キングストリートと交差する辺り(現在のハワイ図書館の近く)を通った時のことです。
道の角に座っていた女性が「乗せてくれませんか?」と声をかけてきました。
彼女はおおきな荷物の上に座っていました。
彼の馬車の荷台には彼の荷物以外は何もなく、空っぽだったので、
気前よく彼女を乗せてあげることにしました。
彼女と彼女の荷物を乗せて、馬車はまた走り出しました。
何マイルか走った頃、突然荷台で物音がしました。
何かドタンバタンというとても大きな音に驚いて、彼が振り向くと、
荷台に乗っていたはずの女性がいなくなっています。
彼女の大きな荷物もありませんでした。
彼は女性が荷台から落ちたのだと思い、たいへん気がとがめました。
馬車の荷台から落ちたのですから、怪我をさせてしまったかもしれないと思って、今来た道を引き返して彼女を探しました。
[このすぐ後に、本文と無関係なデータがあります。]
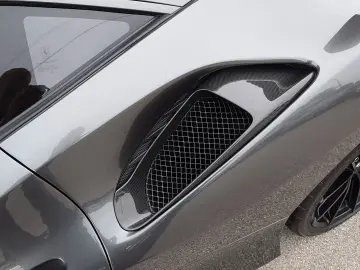 FERRARI 488 Pista  Full Carbon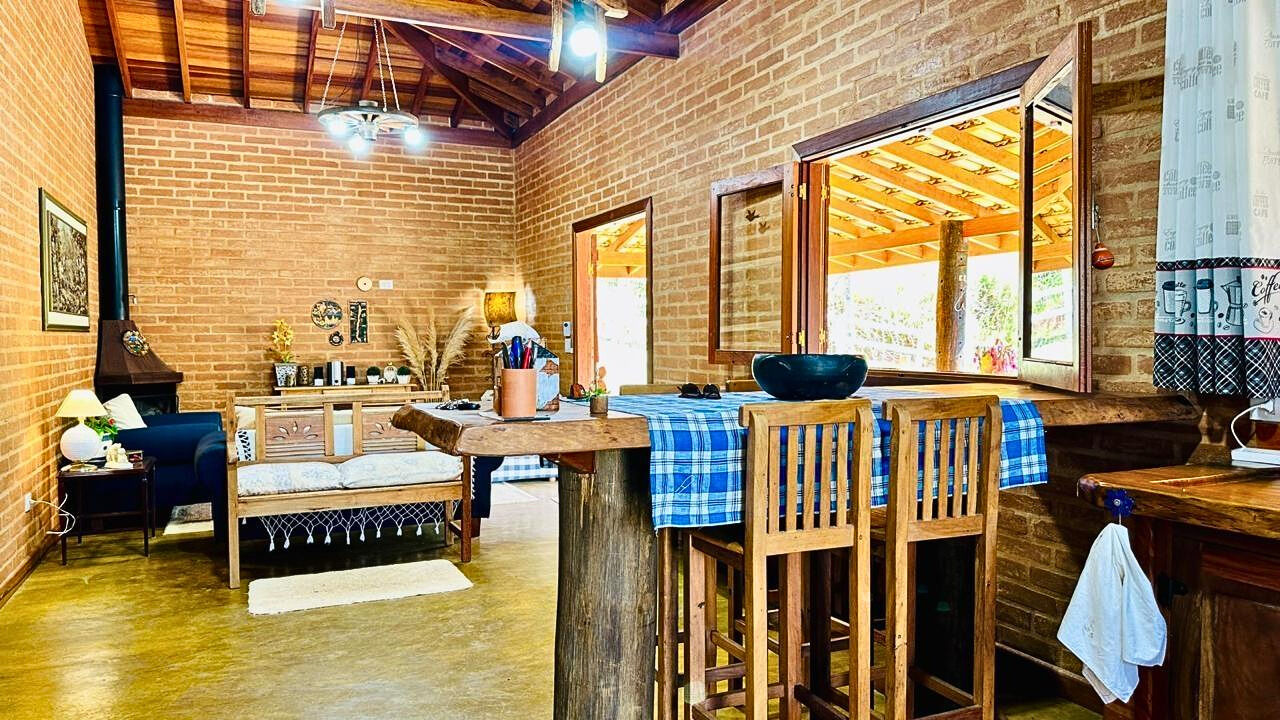 Casa, 2 quartos, 204 m² - Foto 15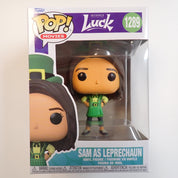 Sam as Leprechaun - POP! #1289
数マイルも引き返しながら探しましたが、道のどこにも彼女を見つけることはできなかったのです。
彼は仕方なく、また旅を続けました。
ワイキキを遠く離れ、別の町に差し掛かったとき、
彼は、さっき荷台に乗せたあの彼女が「乗せてくれ」と行き交う他の馬車に頼んでいるのを見かけたのです!
この時、彼はもちろん迷うことなく道を避けて通り過ぎました。